Rescaling an image when resolution does not meet size criteria (e.g 224)

Again, been following the code to see how a specific problem is solved: i.e. what do you do with images when the input size is not the exact prescribed dimensions (e.g. 224 x 224, 229 x 229 etc)

I think this code is at the kernal of resizing:

def scale_min(im, targ):
    """ Scales the image so that the smallest axis is of size targ.

        im (array): image
        targ (int): target size
    r,c = im.size
    ratio = targ/min(r,c)
    sz = (scale_to(r, ratio, targ), scale_to(c, ratio, targ))
    return im.resize(sz, Image.BILINEAR)

I could also have sworn that in a separate question, @jeremy mentioned that it is useless to add pixels when the image dimensions are below prescribed format. I thought that at this point, the internal code would just pad the original image with zeros. From the above, that is likely not so.

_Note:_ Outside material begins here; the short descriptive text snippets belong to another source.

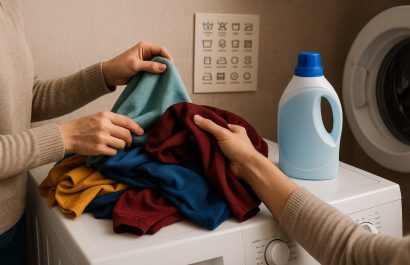 Trucos caseros y respaldados por estudios para conservar el color y mejorar la calidad de tu ropa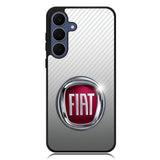 Logo Fiat Samsung Galaxy S25 FE Case BC0297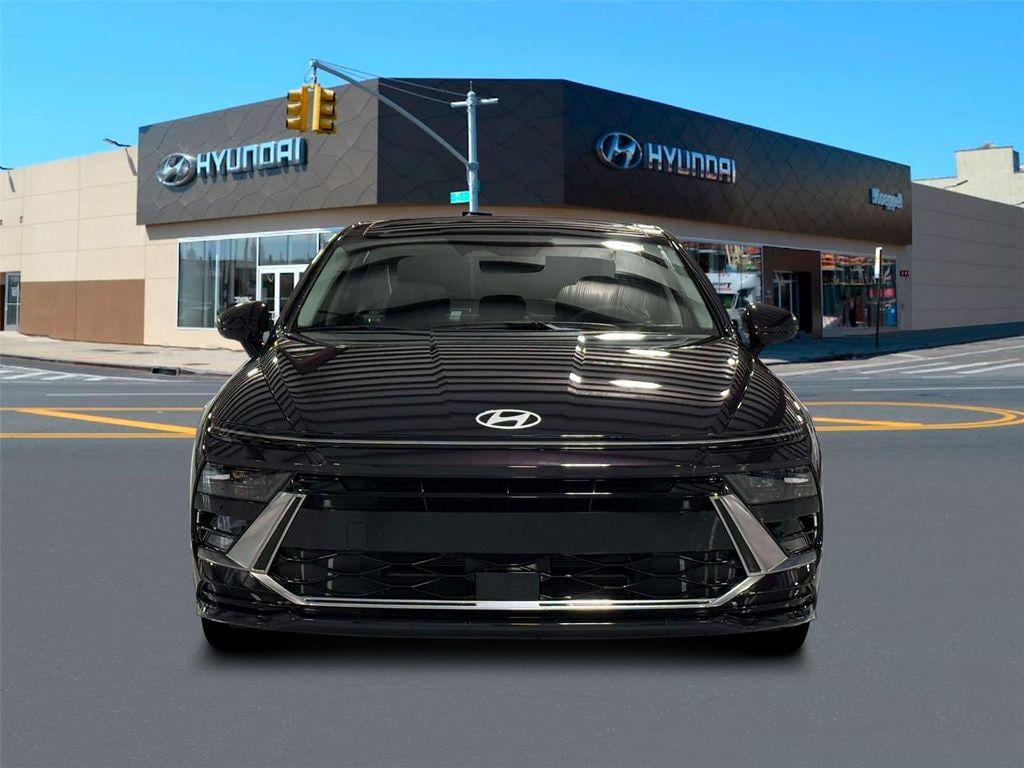 2026 Hyundai Sonata Hybrid SEL - Photo 12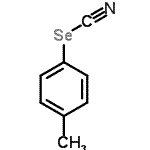 CAS#: 21856-93-9, 4-Methylphenyl Selenocyanate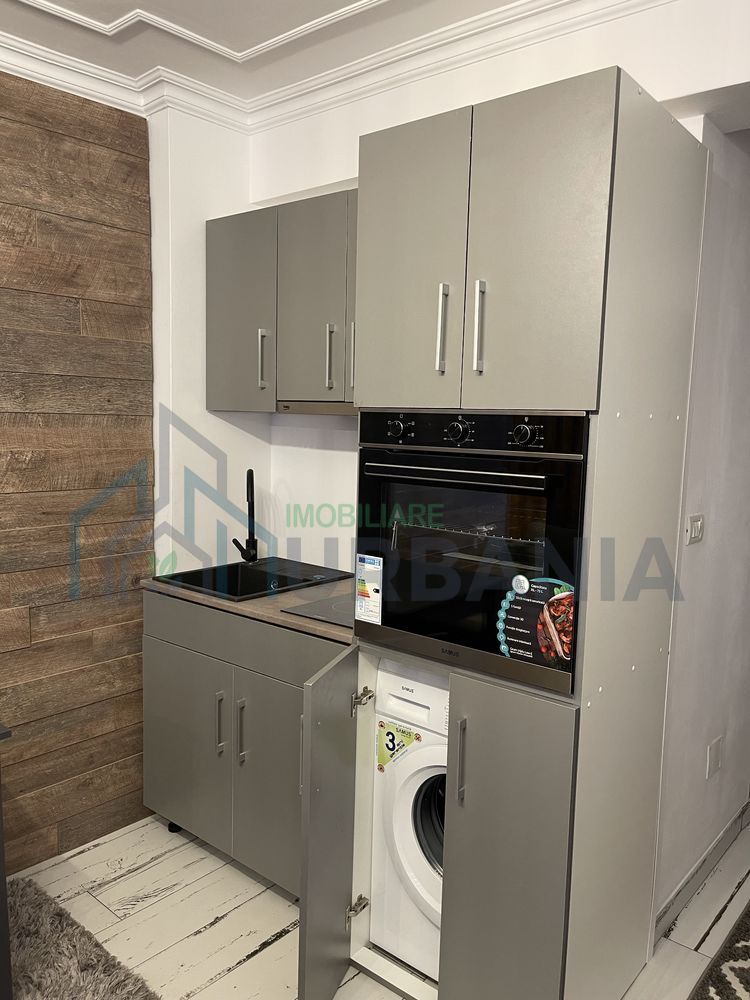 Apartament 1 Cameră, Cantemir - Gara Internațională, Iași - Poză 4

So, just wanted to ask what the best approach would be… Not sure if padding is ideal, but maybe it is? Haven’t ever experimented with that, so I do apologize, but in deep-learning there are just so many avenues for experimentation that sometimes it’s a little unfeasible.


1 Like

There’s no padding here. Try running that code to see what it does - you’ll see it’s making the smallest axis equal to target. Then later on we’ll crop out the center or a random crop.

Yeap…took me an hour of intense code meditation to convince myself that the center-crop happens…

Which brings me to another question: what is the standard image input size expected for Resnet34? I mean, either it’d have to be 224, or it’d have to be 299. I suppose it couldn’t be both… and since ( I believe ) there should be one standard dim., how would we otherwise be able to use the pretrained model for both these input dimensions (224 and 299) ? In other words, wouldn’t it be that the Resnet34 model would be pretrained on imagenet ingesting either 224 or 299 image sizes?

Unfortunately, after doing more research on the code-base, I couldn’t figure that out. I even checked out the ResNet module class. Doesn’t seem to specify any expected input size.

P.S (20 min. later): mmm just looked at code some more… still can’t figure it out. Sorry if I seem ignorant. To the contrary, this is not for the lack of trying (so far :slight_smile: )

I appreciate your close study! There’s no single image size supported by the architectures. They can all handle any size. In lesson 2 we saw how we used different sizes for the same model, in fact, switching in the middle of training!


@jeremy,according to your opinion,could I use the parameter “ftms” in tfms_from_model() to instead his code “scale_min”?